**THE PROBLEM**
Output a verbatim copy of the data, cut off after the line that contains "This is the".

== == ==

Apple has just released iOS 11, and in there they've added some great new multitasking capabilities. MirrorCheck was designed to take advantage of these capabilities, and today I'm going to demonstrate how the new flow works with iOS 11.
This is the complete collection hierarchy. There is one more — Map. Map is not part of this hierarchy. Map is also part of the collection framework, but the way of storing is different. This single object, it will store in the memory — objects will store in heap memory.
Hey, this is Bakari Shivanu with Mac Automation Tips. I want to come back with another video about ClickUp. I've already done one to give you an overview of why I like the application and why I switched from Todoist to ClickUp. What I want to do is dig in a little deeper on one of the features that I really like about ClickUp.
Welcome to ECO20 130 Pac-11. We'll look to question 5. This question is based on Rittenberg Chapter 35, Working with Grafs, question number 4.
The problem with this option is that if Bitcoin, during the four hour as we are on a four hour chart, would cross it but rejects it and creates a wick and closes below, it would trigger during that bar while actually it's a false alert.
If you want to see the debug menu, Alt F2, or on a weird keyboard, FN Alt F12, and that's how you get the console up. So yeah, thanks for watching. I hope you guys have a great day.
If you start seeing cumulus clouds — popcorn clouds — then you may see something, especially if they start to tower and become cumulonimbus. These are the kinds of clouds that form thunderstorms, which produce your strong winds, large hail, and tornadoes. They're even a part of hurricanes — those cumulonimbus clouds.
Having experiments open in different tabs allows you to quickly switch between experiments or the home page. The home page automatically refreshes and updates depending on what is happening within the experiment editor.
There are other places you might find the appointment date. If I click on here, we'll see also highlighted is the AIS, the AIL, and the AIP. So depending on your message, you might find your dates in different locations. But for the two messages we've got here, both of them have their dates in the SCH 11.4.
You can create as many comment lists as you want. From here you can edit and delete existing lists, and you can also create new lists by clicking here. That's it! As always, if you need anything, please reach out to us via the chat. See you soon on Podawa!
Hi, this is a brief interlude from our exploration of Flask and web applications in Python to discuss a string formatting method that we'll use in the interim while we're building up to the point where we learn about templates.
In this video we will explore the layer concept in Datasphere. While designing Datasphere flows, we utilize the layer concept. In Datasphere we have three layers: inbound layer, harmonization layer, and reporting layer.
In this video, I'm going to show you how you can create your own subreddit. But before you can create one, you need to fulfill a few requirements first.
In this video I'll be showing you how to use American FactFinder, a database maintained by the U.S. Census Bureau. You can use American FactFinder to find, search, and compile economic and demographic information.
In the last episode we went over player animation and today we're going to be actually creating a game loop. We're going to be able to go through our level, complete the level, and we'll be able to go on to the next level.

== == ==

**SOLUTION TO THIS PROBLEM**
Apple has just released iOS 11, and in there they've added some great new multitasking capabilities. MirrorCheck was designed to take advantage of these capabilities, and today I'm going to demonstrate how the new flow works with iOS 11.
This is the complete collection hierarchy. There is one more — Map. Map is not part of this hierarchy. Map is also part of the collection framework, but the way of storing is different. This single object, it will store in the memory — objects will store in heap memory.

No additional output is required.